Mr. Cohen did all right in Britain. He became a professor at Guy’s Hospital, was elected a fellow of the Royal Society and was appointed C.B.E. by the queen in 1978. These honors, worn lightly, reflected his pioneering work on the pursuit of a vaccine for malaria, a scourge of his beloved Africa. A landmark paper in Nature, cowritten in 1961 with Ian McGregor, chronicled how immunoglobulin from immune Gambian adults had an anti-parasitic effect when administered to infected children; it is still cited today.
On all this he turned his back 30 years ago, dedicating himself to gardening and carpentry, painting and golf. He knew what the affairs of the world were worth beside the majesty of the mountaintop.
After Mom died in 1999, and another relationship came to the surface, Dad wrote this to me: “I did strive within the feeble limits of my human fallibility to preserve and cherish and sustain her. But alas — for Mama ultimately, death was the only angel that could shield her from despair.” He continued: “I hope that before too long the turbulence of your spirit will subside and you will reach to tranquility in your inner self.”
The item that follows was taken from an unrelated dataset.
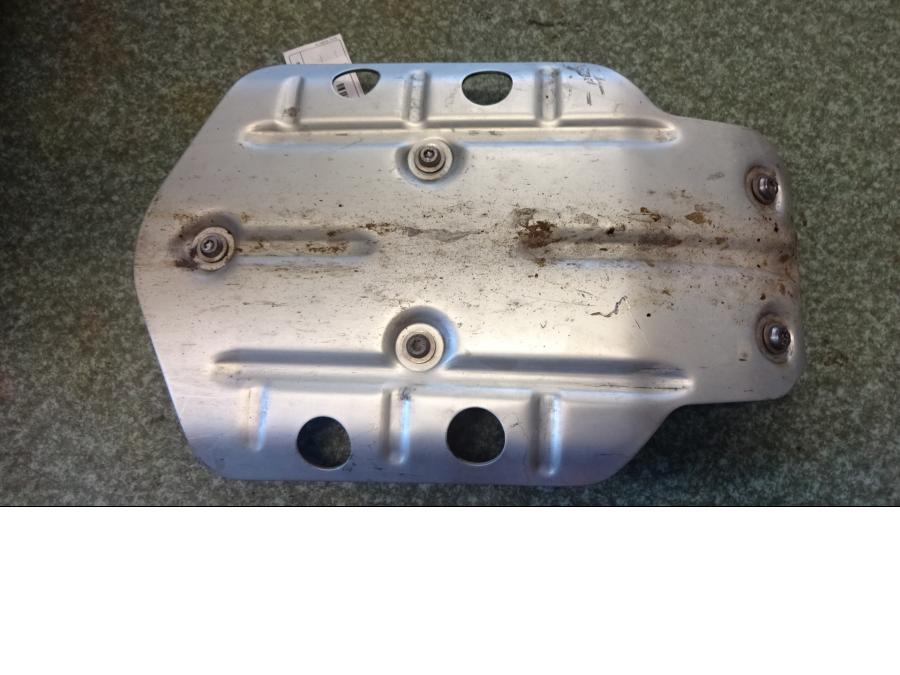 Baksidan på <p>Hasplåt från BMW R 1200 GS 2013.</p>

<p>Med fästen och bult, några repor på undersidan.</p> motorcykel.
My last moments with Sydney, in which the obdurate reserve of fathers and sons dissolved, will always be a reference in this quest:
“You have a lovely family,” I said.
“I sure do.”
“All very intelligent, just like you.”
“Darling, you are very kind to say that.”
“And funny, like you.”
“Darling,” (with a faint smile).
“We had a lot of fun together.”
“Oh, yes.”
“You’ll always be with me.”
“That’s for sure.”
The other evening everything was aglow. They are not “the same old sun and sky and trees.” That must be because my father is in them. To what degree the glow endures will be the measure of how far I can honor that deepest vulnerable part of Sydney whose beauty I was lucky enough to know.